They all experience the rigors of life in the wooden bat fraternity. They all fall victim to the superlative pitching, and they all cope with having their names affixed to a paltry batting average.
In the pitcher-friendly Cape League, enduring strikeouts - and multiple strikeouts at that - is less a glaring imperfection than rite of passage, and finishing the summer over the Mendoza line is symbolic of a respectable season.
Chatham A's sluggers Evan Longoria [left in photo] and Josh Morris know this to be true, which makes it nearly impossible, then, to explain the duo's incendiary play from day one.
Three-and-a-half weeks into their Cape League careers, Chatham's formidable two-man team has played like ripened veterans, skipping over the customary grace period most Cape League rookies require.
Longoria, hitting .321 - fifth best of all CCBL batters - is vying for the vaunted batting title, and sports the third best slugging percentage (.547) on the peninsula, and Morris has also proven his proclivity for extra base hits, with a .525 slugging percentage.
But the pair's potent bat attack has paid off where it matters most, as Longoria and Morris' sterling play has been a major reason why Chatham (hitting .256 as a team) features a dynamic offense, second only to the Orleans Cardinals, who are hitting .265 as a unit.
A native of Downey, Calif., Longoria leads Chatham with 17 hits and nine RBIs, while Morris, who hails from Cartersville, Ga., is on his teammate's tail with 12 hits and eight RBIs. With three round-trippers each, they've already matched the A's home run total from a season ago.
That these two effulgent stars have been so successful torching ace after ace each night, and doing it by trading metal for maple and aluminum for ash no less, doesn't faze them.
In fact, the only thing Longoria and Morris have grappled with this summer is pinpointing a concrete reason why they've had so little trouble adjusting, while many of their peers berate themselves and bemoan their substandard play. The key, they say, is nothing other than a healthy dose of poise and pragmatism.
"I think anybody up here is capable of doing what we've been doing. I think we're just getting some breaks that other's haven't," said Longoria. "Baseball is a game of failure. You've got to realize you're going to get beat. That's why you go from pitch to pitch, from at-bat to at-bat. You've got to take it all in stride."
Longoria, who hit .320 with 30 RBIs for Long Beach State, has yet to cool off from his scorching spring. He's had five multiple hit games, an eight-game hitting streak, and further demonstrated his mettle with a three-run home run that proved the difference in a 5-1 win over Bourne. And he followed that up with a 4-for-4 performance in a win over Hyannis the next day....

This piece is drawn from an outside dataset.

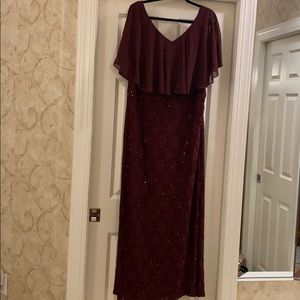 Connected Plus Size Sequined Lace Overlay Gown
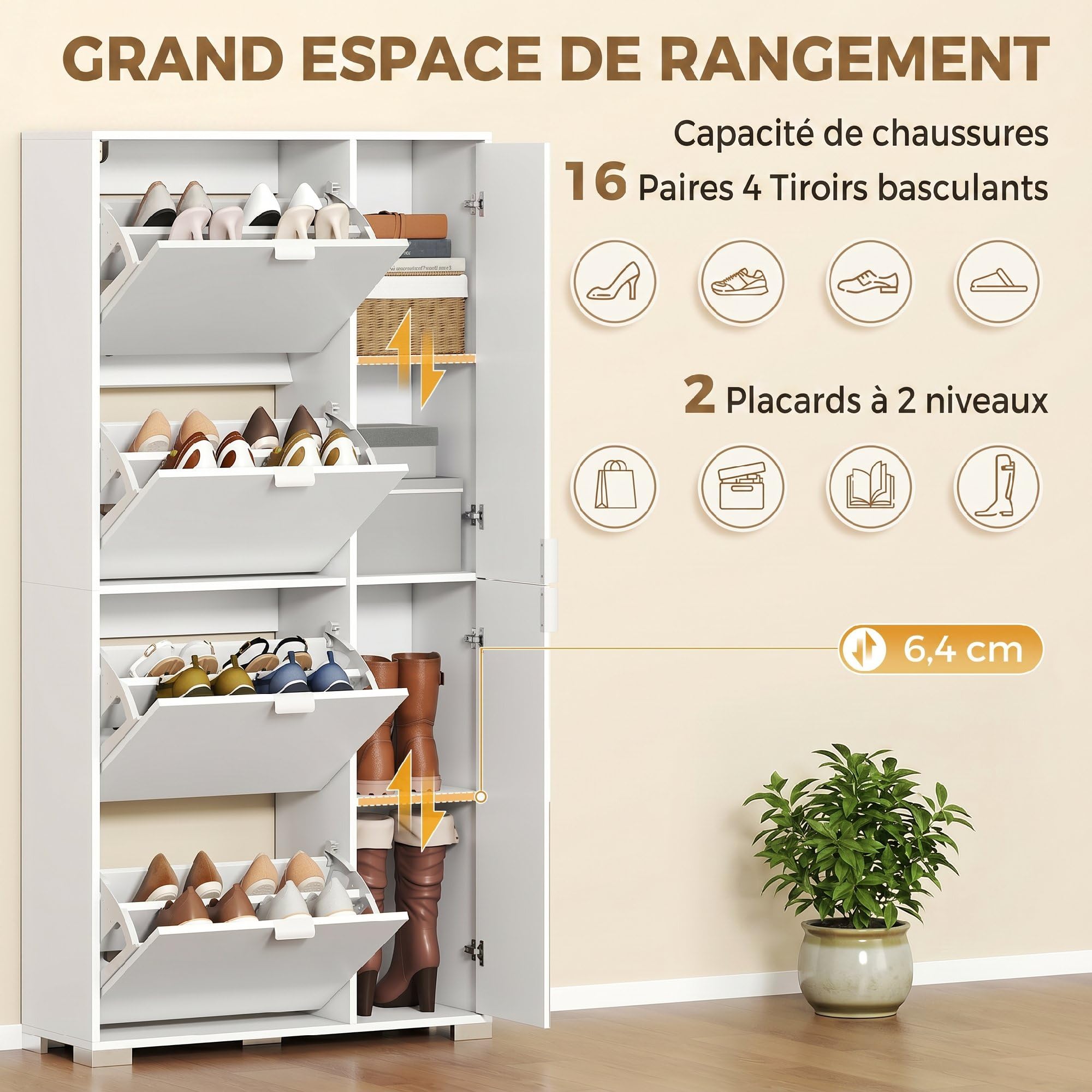 HOMCOM Zapatero Estrecho 16 Pares 82x30x168 cm Blanco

Here on the Cape, just like at school, Longoria and Morris are receiving the proper instruction necessary to reach baseball's upper echelon, and those who know them best say they've got the tools to reach the majors.
"Evan has got a high level of passion and a real desire to succeed," said Chatham A's hitting coach Pat McGee. "He's a baseball player in the true sense. It doesn't matter where you play him, what the weather is like, or who you're playing against. He wants to be hear everyday....
...Morris has been an errorless first baseman, while Longoria has proven of great value as a utility infielder, alternating at second, short stop and third base.
Chatham Field Manager John Schiffner is most pleased with their daily diligence. "They've come here to play. They've come here to get better. And those two things are on the top of their list everyday," said Schiffner, noting gaudy stats don't always guarantee major league stardom....
"Guys playing in high school want to play in college," said Longoria. "Then they want to play in a Division One program. From there it's playing in a good summer ball league, and from there it's making it to the minor leagues, and so on and so fourth."
Stepping stone the Cape League may be, but it's been an enjoyable one, thanks largely to fans who trade jeers for cheers.
"The fact that people base their vacations around this league shocks me," said Longoria. "These people love you, and they love you no matter if you strike out or hit a home run. That's an awesome atmosphere to play in."